As we can see here, this data set presents some information about financial indexes and parameters for different types of banking institutions, in different countries and for 11 years (1999 to 2009).

Data Manipulation

This is long.format data.frame. There are a number of dependent variables and levels which we can omit from the main data.frame.All Bank for example is the summation of the values for different types of banks. I also chose to omit the two levels Foreign commercial banks and Large commercial banks, for consistency reasons.

BankLevels <- c("Co-operative banks","Commercial banks","Other miscellaneous monetary institutions",
                "Savings banks")
iDat <- droplevels(subset(gDat, subset= Bank %in% BankLevels))
str(iDat)
## 'data.frame':    20896 obs. of  5 variables:
##  $ Country     : Factor w/ 20 levels "Canada","Denmark",..: 1 1 1 1 1 1 1 1 1 1 ...
##  $ Bank        : Factor w/ 4 levels "Co-operative banks",..: 2 2 2 2 2 2 2 2 2 2 ...
##  $ Item        : Factor w/ 49 levels "1. Interest income",..: 1 1 1 1 1 1 1 1 1 1 ...
##  $ Year        : int  1999 2000 2001 2002 2003 2004 2005 2006 2007 2008 ...
##  $ Value..Flags: num  76301 85474 86333 68692 66578 ...

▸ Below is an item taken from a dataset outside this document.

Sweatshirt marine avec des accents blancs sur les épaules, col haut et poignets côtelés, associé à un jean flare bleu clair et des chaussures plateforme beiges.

The matter of dependency also exists for levels in Item variable; many of the following parameters are acquired by subtracting some previous ones:

levels(iDat$Item)
##  [1] "1. Interest income"                             
##  [2] "10. Income tax"                                 
##  [3] "11. Net income after tax "                      
##  [4] "12. Distributed profit"                         
##  [5] "13. Retained profit "                           
##  [6] "14. Cash and balance with Central bank"         
##  [7] "15. Interbank deposits"                         
##  [8] "16. Loans"                                      
##  [9] "17. Securities"                                 
## [10] "18. Other assets"                               
## [11] "19. Capital and reserves"                       
## [12] "2. Interest expenses"                           
## [13] "20. Borrowing from Central bank"                
## [14] "21. Interbank deposits"                         
## [15] "22. Customer deposits"                          
## [16] "23. Bonds"                                      
## [17] "24. Other liabilities"                          
## [18] "25. End-year total"                             
## [19] "26. Average total"                              
## [20] "27. Short-term securities"                      
## [21] "28. Bonds"                                      
## [22] "29. Shares and participations"                  
## [23] "3. Net interest income "                        
## [24] "30. Claims on non-residents"                    
## [25] "31. Liabilities to non-residents"               
## [26] "32. Tier 1 Capital"                             
## [27] "33. Tier 2 Capital"                             
## [28] "34. Supervisory deductions"                     
## [29] "35. Total regulatory capital"                   
## [30] "36. Risk-weighted assets"                       
## [31] "37. Number of institutions"                     
## [32] "38. Number of branches"                         
## [33] "39. Number of employees"                        
## [34] "4. Net non-interest income"                     
## [35] "4.a. Fees and commissions receivable"           
## [36] "4.b. Fees and commissions payable"              
## [37] "4.c. Net profit or loss on financial operations"
## [38] "4.d. Other net non-interest income"             
## [39] "5. Net interest and non-interest income"        
## [40] "6. Operating expenses"                          
## [41] "6.a. Staff costs"                               
## [42] "6.b. Property costs"                            
## [43] "6.c. Other operating expenses"                  
## [44] "7. Net income before provisions"                
## [45] "8. Net provisions"                              
## [46] "8.a. Provisions on loans"                       
## [47] "8.b. Provisions on securities"                  
## [48] "8.c. Other net provisions"                      
## [49] "9. Income before tax "

As one can imagine from this levels, we have a problem of levels names here, which I did not know how to appropriately cope with. I did not succumb to the temptation of replacing them by reasonable names in the .csv file prior to import! Instead, I decided to reshape the data.frame and change the names whenever needed. The levels here address different categories. And I define some vectors to use later on.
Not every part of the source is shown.